Dated at Vancouver, British Columbia this 15th day of November, 2023.
"Mark Jarvis"
Mark Jarvis, Chairman, Director and Chief Executive Officer
APPENDIX "A"
AUDIT COMMITTEE CHARTER
Overall Purpose and Objectives
-
The audit committee will assist the board in fulfilling its oversight responsibilities.
-
The audit committee will review the quarterly and annual financial statements, including the MD&A, prior to the presentation of the statements to the board.
-
The audit committee will review the Company’s internal financial reporting system and the audit process, and make recommendations to the board as required.
-
In performing its duties, the committee will maintain effective working relations with the board of directors, the management, and the external auditors.
-
Each committee member will obtain an understanding of the committee’s responsibilities, and their responsibilities as committee members.
Authority
-
The board authorizes the audit committee, within the scope of its responsibilities, to:
-
Seek any information it requires from any employee (and all employees are directed to cooperate with any request made by the audit committee).
-
Ensure the attendance of Company officers at meetings as appropriate.
-
Obtain outside legal or other professional advice.
-
The audit committee shall recommend to the board their choice for auditor, and the compensation of the auditor[1] .
-
The auditor shall report directly to the audit committee[2] .
-
The audit committee shall pre-approve any non-audit services to be provided by the auditor[3]
Organization
-
The audit committee will consist of (4) members, of which (3) will be independent.
-
Members will be appointed for a (1) year term.
-
The chairman of the audit committee will be nominated by the board.
-
A quorum for any meeting will be (2) members.
-
The secretary of the audit committee will be the Company secretary.
-
Meetings will be held not less than (4) times a year. Special meetings may be convened as required.
-
The meetings will be minuted.
-
The auditor may convene a meeting if they consider it necessary.
-
The auditor will be invited to at least (1) meeting a year, and invited to make presentations as required.

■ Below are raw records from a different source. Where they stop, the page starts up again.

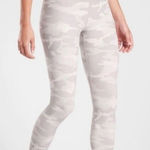 Athleta  Elation Camo 7/8 Tight Taupe Gray Women’s Small Workout Activewear Gym Photo 0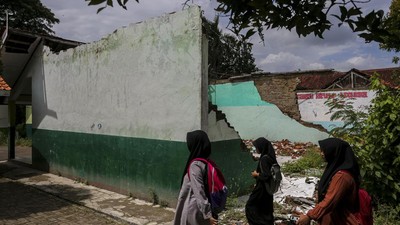 Duh! Empat Ruang Kelas SMP Negeri 2 Cikeusal Rusak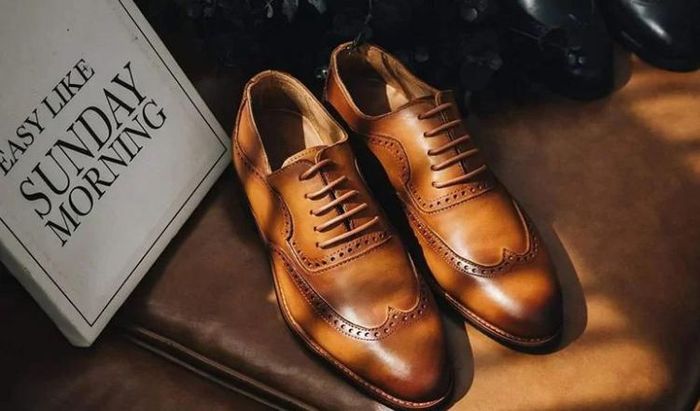 Giày tây nam Be Classy mang đậm ảnh hưởng xu hướng thế giới, nhưng vẫn giữ được nét đặc trưng phù hợp với phong cách Việt Nam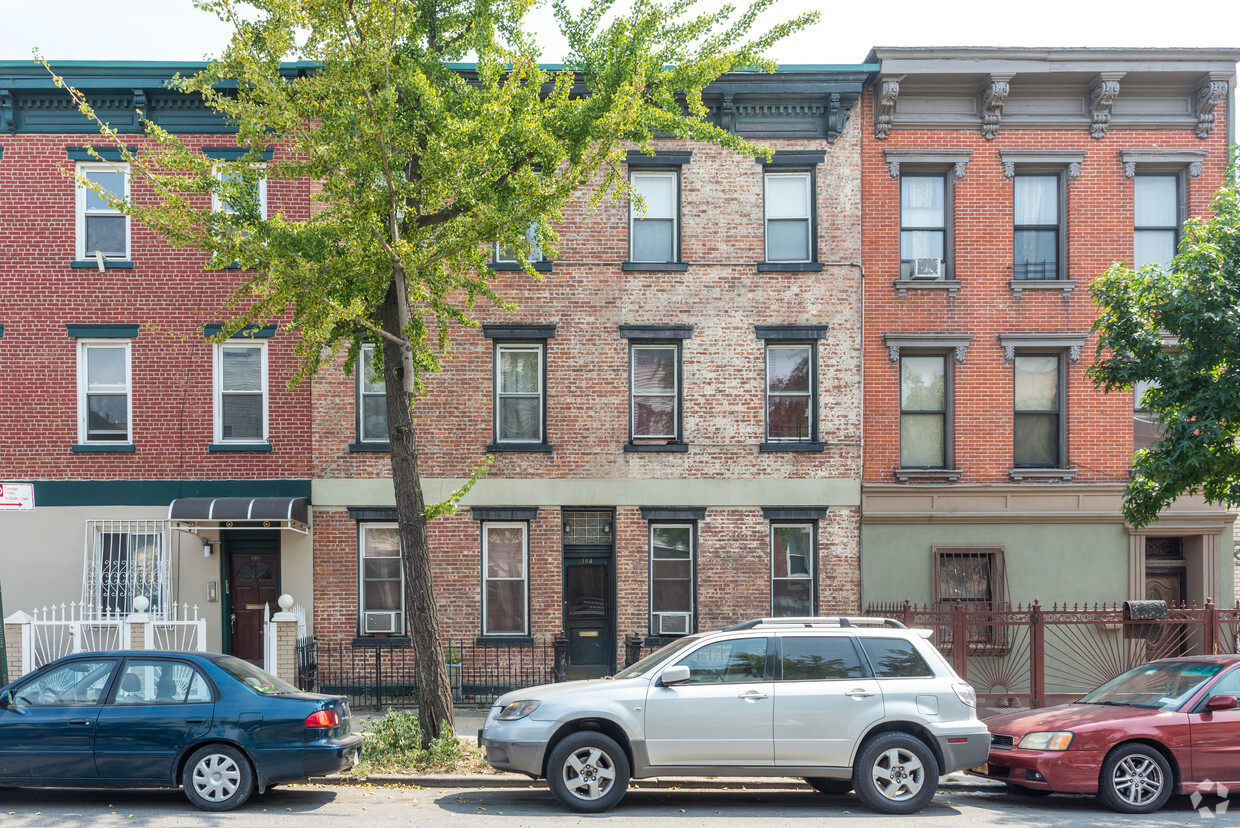 Primary Photo - 194 Montrose Ave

Roles and Responsibilities – Financial Statements
-
Review the financial statements and determine whether they are complete and consistent with the information known to the committee members.
-
Review the financial statements with respect to appropriate accounting principles.
-
Meet with management to review the statements.
-
2 -
-
Review the management discussion and analysis to ensure it is understandable and consistent with their knowledge of the financial statements.
Roles and Responsibilities – Annual Audit
-
Review the auditor’s proposed audit scope, and ensure there are no unreasonable restrictions or limitations on the scope.
-
Consider the independence of the auditor by reviewing any other services they provide the Company (tax, consulting, etc.).
-
Meet with management and the auditors to review the results of the audit.
-
Review the performance of the auditors.
-
Make recommendations to the board regarding the reappointment of the auditor.
-
Meet separately with the auditor to discuss any matters that the committee or the auditors believe should be discussed privately.
-
Ensure that significant findings and recommendations made by the auditors are brought to the attention of the full board.
-
Ensure that management responds to the recommendations from the auditor.

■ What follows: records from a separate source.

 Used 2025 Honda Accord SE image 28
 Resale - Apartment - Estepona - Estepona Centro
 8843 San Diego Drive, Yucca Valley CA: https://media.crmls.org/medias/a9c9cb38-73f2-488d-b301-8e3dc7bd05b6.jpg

Roles and Responsibilities – Other
-
Ensure the board is aware of matters which may significantly impact the financial statements or affairs of the Company.
-
If necessary, institute special investigations and if deemed necessary, hire special counsel or experts to assist.
-
Review and update the charter, and have changes approved by the board.
-
Establish procedures for the confidential submission by employees with respect to questionable accounting practices[4] .
-
Establish procedures with respect to the treatment of complaints received by the Company regarding accounting or auditing matters[5] .
1 Mandatory requirement under Multilateral Instrument 52-110, Audit Committees.
2 Same. 3 Same.
4 Mandatory requirement under Multilateral Instrument 52-110, Audit Committees.
5 Same.
APPENDIX “B”
SHOAL POINT ENERGY LTD.
(the “ Company ”)
FORM 51-102F6 STATEMENT OF EXECUTIVE COMPENSATION FOR THE YEAR ENDED JANUARY 31, 2023
Introduction
The following information, dated as of September 29, 2023 is provided pursuant to Form 51-102F6V for Venture Issuers, as such term is defined in National Instrument 51-102 – Continuous Disclosure Obligations to provide information about the Company's executive compensation in respect of the financial year ended January 31, 2023.
For the purpose of this Form, a "Named Executive Officer" or "NEO" means (i) each individual who, during any part of the financial year ended January 31, 2023, served as the Company's Chief Executive Officer (" CEO ") or Chief Financial Officer (" CFO "), (ii) the Company’s most highly compensated executive officer (other than the CEO and the CFO), as at January 31, 2023 whose total compensation was, individually, more than $150,000 for that financial year; and (iii) each individual who would have satisfied the criteria in (ii) but for the fact that such individual was neither an executive officer of the Company, nor acting in a similar capacity, at the end of such financial year.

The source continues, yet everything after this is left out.